Material to process START

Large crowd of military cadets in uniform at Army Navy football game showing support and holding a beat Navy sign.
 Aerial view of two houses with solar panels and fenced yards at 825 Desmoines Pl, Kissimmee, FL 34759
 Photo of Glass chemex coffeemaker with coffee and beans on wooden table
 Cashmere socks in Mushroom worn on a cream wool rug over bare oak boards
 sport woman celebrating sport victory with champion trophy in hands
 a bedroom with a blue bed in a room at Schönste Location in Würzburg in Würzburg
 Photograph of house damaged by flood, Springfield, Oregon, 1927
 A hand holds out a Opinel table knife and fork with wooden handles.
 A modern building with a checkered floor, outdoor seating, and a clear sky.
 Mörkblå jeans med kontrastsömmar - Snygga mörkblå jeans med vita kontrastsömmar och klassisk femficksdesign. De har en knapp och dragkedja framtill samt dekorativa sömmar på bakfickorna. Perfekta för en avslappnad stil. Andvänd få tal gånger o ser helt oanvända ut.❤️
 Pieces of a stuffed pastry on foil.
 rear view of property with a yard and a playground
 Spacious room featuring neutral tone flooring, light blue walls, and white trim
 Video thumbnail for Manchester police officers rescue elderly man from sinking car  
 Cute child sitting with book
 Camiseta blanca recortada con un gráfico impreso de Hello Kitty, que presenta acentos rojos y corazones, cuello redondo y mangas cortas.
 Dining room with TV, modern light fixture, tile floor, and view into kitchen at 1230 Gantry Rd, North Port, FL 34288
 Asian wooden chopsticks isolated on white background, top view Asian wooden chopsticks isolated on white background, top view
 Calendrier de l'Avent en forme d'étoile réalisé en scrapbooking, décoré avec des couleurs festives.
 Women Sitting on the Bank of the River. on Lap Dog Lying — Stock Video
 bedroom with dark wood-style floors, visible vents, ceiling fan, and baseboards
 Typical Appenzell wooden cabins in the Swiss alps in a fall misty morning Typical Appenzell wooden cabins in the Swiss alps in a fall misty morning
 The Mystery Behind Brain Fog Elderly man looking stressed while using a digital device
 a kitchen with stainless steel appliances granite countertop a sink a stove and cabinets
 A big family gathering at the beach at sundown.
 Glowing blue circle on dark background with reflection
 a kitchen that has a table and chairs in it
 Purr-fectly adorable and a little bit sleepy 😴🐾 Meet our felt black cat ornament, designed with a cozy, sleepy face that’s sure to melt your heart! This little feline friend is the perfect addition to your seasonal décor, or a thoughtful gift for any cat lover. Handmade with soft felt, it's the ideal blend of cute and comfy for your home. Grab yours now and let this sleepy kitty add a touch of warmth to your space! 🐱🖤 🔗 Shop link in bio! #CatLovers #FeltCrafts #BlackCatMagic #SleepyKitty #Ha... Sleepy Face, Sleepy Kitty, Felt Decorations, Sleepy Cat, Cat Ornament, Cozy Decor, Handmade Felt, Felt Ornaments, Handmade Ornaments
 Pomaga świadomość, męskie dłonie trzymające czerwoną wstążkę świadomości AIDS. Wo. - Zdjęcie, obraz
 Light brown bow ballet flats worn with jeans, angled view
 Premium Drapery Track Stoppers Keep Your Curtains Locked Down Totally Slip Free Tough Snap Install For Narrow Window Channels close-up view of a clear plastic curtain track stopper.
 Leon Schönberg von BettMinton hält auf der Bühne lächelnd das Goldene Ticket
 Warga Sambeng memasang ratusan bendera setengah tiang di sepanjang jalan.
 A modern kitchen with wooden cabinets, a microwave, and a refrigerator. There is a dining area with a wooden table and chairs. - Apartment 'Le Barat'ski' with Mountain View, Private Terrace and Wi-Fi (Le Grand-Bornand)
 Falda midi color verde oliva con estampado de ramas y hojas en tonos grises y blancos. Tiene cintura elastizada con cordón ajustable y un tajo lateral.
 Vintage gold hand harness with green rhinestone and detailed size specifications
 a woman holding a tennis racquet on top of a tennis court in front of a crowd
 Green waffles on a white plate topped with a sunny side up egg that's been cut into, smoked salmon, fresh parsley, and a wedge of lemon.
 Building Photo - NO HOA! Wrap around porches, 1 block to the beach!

Material to process END

# Description of the task
Please write out each entry shown above exactly as given.

# Task answer
Large crowd of military cadets in uniform at Army Navy football game showing support and holding a beat Navy sign.
 Aerial view of two houses with solar panels and fenced yards at 825 Desmoines Pl, Kissimmee, FL 34759
 Photo of Glass chemex coffeemaker with coffee and beans on wooden table
 Cashmere socks in Mushroom worn on a cream wool rug over bare oak boards
 sport woman celebrating sport victory with champion trophy in hands
 a bedroom with a blue bed in a room at Schönste Location in Würzburg in Würzburg
 Photograph of house damaged by flood, Springfield, Oregon, 1927
 A hand holds out a Opinel table knife and fork with wooden handles.
 A modern building with a checkered floor, outdoor seating, and a clear sky.
 Mörkblå jeans med kontrastsömmar - Snygga mörkblå jeans med vita kontrastsömmar och klassisk femficksdesign. De har en knapp och dragkedja framtill samt dekorativa sömmar på bakfickorna. Perfekta för en avslappnad stil. Andvänd få tal gånger o ser helt oanvända ut.❤️
 Pieces of a stuffed pastry on foil.
 rear view of property with a yard and a playground
 Spacious room featuring neutral tone flooring, light blue walls, and white trim
 Video thumbnail for Manchester police officers rescue elderly man from sinking car  
 Cute child sitting with book
 Camiseta blanca recortada con un gráfico impreso de Hello Kitty, que presenta acentos rojos y corazones, cuello redondo y mangas cortas.
 Dining room with TV, modern light fixture, tile floor, and view into kitchen at 1230 Gantry Rd, North Port, FL 34288
 Asian wooden chopsticks isolated on white background, top view Asian wooden chopsticks isolated on white background, top view
 Calendrier de l'Avent en forme d'étoile réalisé en scrapbooking, décoré avec des couleurs festives.
 Women Sitting on the Bank of the River. on Lap Dog Lying — Stock Video
 bedroom with dark wood-style floors, visible vents, ceiling fan, and baseboards
 Typical Appenzell wooden cabins in the Swiss alps in a fall misty morning Typical Appenzell wooden cabins in the Swiss alps in a fall misty morning
 The Mystery Behind Brain Fog Elderly man looking stressed while using a digital device
 a kitchen with stainless steel appliances granite countertop a sink a stove and cabinets
 A big family gathering at the beach at sundown.
 Glowing blue circle on dark background with reflection
 a kitchen that has a table and chairs in it
 Purr-fectly adorable and a little bit sleepy 😴🐾 Meet our felt black cat ornament, designed with a cozy, sleepy face that’s sure to melt your heart! This little feline friend is the perfect addition to your seasonal décor, or a thoughtful gift for any cat lover. Handmade with soft felt, it's the ideal blend of cute and comfy for your home. Grab yours now and let this sleepy kitty add a touch of warmth to your space! 🐱🖤 🔗 Shop link in bio! #CatLovers #FeltCrafts #BlackCatMagic #SleepyKitty #Ha... Sleepy Face, Sleepy Kitty, Felt Decorations, Sleepy Cat, Cat Ornament, Cozy Decor, Handmade Felt, Felt Ornaments, Handmade Ornaments
 Pomaga świadomość, męskie dłonie trzymające czerwoną wstążkę świadomości AIDS. Wo. - Zdjęcie, obraz
 Light brown bow ballet flats worn with jeans, angled view
 Premium Drapery Track Stoppers Keep Your Curtains Locked Down Totally Slip Free Tough Snap Install For Narrow Window Channels close-up view of a clear plastic curtain track stopper.
 Leon Schönberg von BettMinton hält auf der Bühne lächelnd das Goldene Ticket
 Warga Sambeng memasang ratusan bendera setengah tiang di sepanjang jalan.
 A modern kitchen with wooden cabinets, a microwave, and a refrigerator. There is a dining area with a wooden table and chairs. - Apartment 'Le Barat'ski' with Mountain View, Private Terrace and Wi-Fi (Le Grand-Bornand)
 Falda midi color verde oliva con estampado de ramas y hojas en tonos grises y blancos. Tiene cintura elastizada con cordón ajustable y un tajo lateral.
 Vintage gold hand harness with green rhinestone and detailed size specifications
 a woman holding a tennis racquet on top of a tennis court in front of a crowd
 Green waffles on a white plate topped with a sunny side up egg that's been cut into, smoked salmon, fresh parsley, and a wedge of lemon.
 Building Photo - NO HOA! Wrap around porches, 1 block to the beach!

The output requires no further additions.